La fraction, le plafond ainsi que les modalités de détermination des revenus d'activité antérieurs retenus et de leur valeur journalière mentionnés au premier alinéa sont fixés par décret en Conseil d'Etat”.
Aux termes de l’article L. 323-6-1 du même code, “L'employeur subrogé dans les droits de son salarié en arrêt de travail informe par tout moyen l'organisme local d'assurance maladie assurant le service de l'indemnité journalière de la reprise anticipée du travail par ce salarié.
En cas de manquement par l'employeur à cette obligation et si ce manquement a occasionné le versement indu d'indemnités journalières, il peut être prononcé à son encontre une sanction financière dans les conditions prévues à l'article L. 114-17-1.
L'organisme d'assurance maladie procède à la récupération des indemnités journalières auprès de l'employeur dans les conditions prévues à l'article L. 133-4-1".
L’article R. 323-4 du code de la sécurité sociale dispose que: “Le revenu d'activité antérieur retenu pour le calcul de l'indemnité journalière prévue à l'article L. 323-4 est déterminé comme suit :
1° 1/91,25 du montant des trois dernières paies des mois civils antérieurs à la date de l'interruption de travail lorsque le salaire ou le revenu d'activité antérieur est réglé mensuellement ou dans les cas autres que ceux mentionnés aux 2° et 3° ;
2° 1/84 du montant des six ou douze dernières paies des mois civils antérieurs à la date de l'interruption de travail suivant que le revenu antérieur d'activité est réglé toutes les deux semaines ou chaque semaine ;
3° 1/365 du montant du revenu d'activité antérieur des douze mois civils antérieurs à la date de l'interruption de travail, lorsque le travail n'est pas continu ou présente un caractère saisonnier.
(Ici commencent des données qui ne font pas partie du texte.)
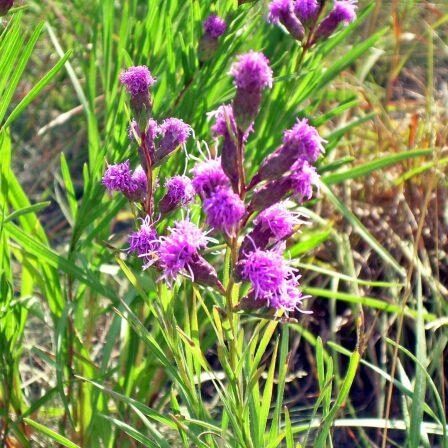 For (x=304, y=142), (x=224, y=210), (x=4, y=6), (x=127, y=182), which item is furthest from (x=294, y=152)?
(x=4, y=6)

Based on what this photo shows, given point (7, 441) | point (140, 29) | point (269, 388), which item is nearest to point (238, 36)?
point (140, 29)

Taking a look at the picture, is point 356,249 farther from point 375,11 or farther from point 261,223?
point 261,223

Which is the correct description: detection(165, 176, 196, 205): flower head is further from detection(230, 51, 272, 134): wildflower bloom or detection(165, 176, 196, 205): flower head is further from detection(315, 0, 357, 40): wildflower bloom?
detection(315, 0, 357, 40): wildflower bloom

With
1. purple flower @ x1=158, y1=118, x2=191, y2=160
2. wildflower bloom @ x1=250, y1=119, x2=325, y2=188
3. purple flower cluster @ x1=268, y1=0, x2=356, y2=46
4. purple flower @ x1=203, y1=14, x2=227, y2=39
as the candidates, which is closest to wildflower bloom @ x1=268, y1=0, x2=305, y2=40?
purple flower cluster @ x1=268, y1=0, x2=356, y2=46

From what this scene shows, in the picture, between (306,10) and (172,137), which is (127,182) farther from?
(306,10)

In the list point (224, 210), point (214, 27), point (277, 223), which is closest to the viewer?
point (224, 210) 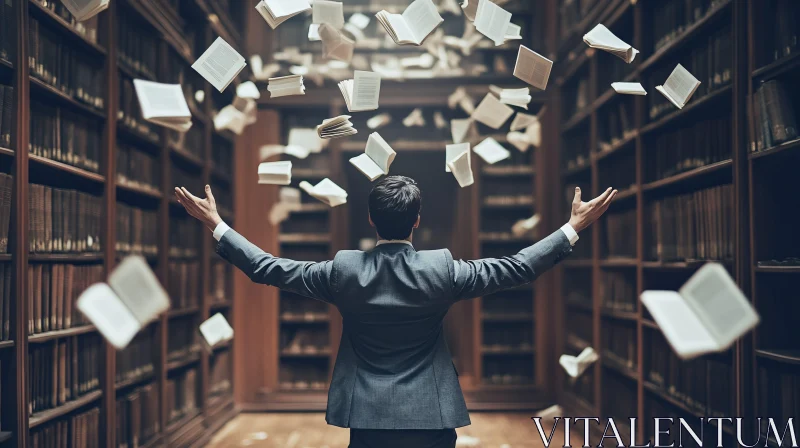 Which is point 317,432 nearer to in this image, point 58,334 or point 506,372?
point 506,372

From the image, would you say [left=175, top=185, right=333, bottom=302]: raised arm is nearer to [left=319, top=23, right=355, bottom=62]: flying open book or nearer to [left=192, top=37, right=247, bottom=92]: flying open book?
[left=192, top=37, right=247, bottom=92]: flying open book

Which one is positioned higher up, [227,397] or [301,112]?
[301,112]

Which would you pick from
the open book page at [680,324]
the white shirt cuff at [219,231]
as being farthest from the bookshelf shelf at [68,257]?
the open book page at [680,324]

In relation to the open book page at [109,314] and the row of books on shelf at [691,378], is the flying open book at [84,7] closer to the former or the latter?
the open book page at [109,314]

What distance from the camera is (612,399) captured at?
3688 millimetres

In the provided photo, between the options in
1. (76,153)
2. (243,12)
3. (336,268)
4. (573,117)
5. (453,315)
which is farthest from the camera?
(453,315)

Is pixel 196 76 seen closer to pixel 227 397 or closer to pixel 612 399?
pixel 227 397

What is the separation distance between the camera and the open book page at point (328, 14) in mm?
2307

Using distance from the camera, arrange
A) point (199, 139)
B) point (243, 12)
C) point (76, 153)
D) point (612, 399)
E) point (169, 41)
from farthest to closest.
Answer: point (243, 12) < point (199, 139) < point (612, 399) < point (169, 41) < point (76, 153)

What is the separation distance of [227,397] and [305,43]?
2429mm

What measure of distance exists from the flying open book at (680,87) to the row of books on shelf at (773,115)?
0.20 metres

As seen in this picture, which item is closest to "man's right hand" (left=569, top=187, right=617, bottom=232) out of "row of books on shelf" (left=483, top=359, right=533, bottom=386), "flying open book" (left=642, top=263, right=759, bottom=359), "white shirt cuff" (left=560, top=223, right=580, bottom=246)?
"white shirt cuff" (left=560, top=223, right=580, bottom=246)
Pour l'application des dispositions qui précèdent, il est tenu compte du revenu d'activité antérieur servant de base, lors de chaque paie, au calcul de la cotisation due pour les risques maladie, maternité, invalidité et décès dans la limite d'un plafond égal à 1,8 fois le salaire minimum de croissance en vigueur le dernier jour du mois civil précédant celui de l'interruption de travail et calculé pour un mois sur l'ensemble des revenus, et sur la base de la durée légale du travail. Toutefois, lorsque l'assiette des cotisations fait l'objet d'un abattement par application des dispositions des articles R. 242-7 à R. 242-11, il est tenu compte du revenu d'activité antérieur brut perçu par l'assuré, sans abattement, dans la limite du plafond ainsi défini.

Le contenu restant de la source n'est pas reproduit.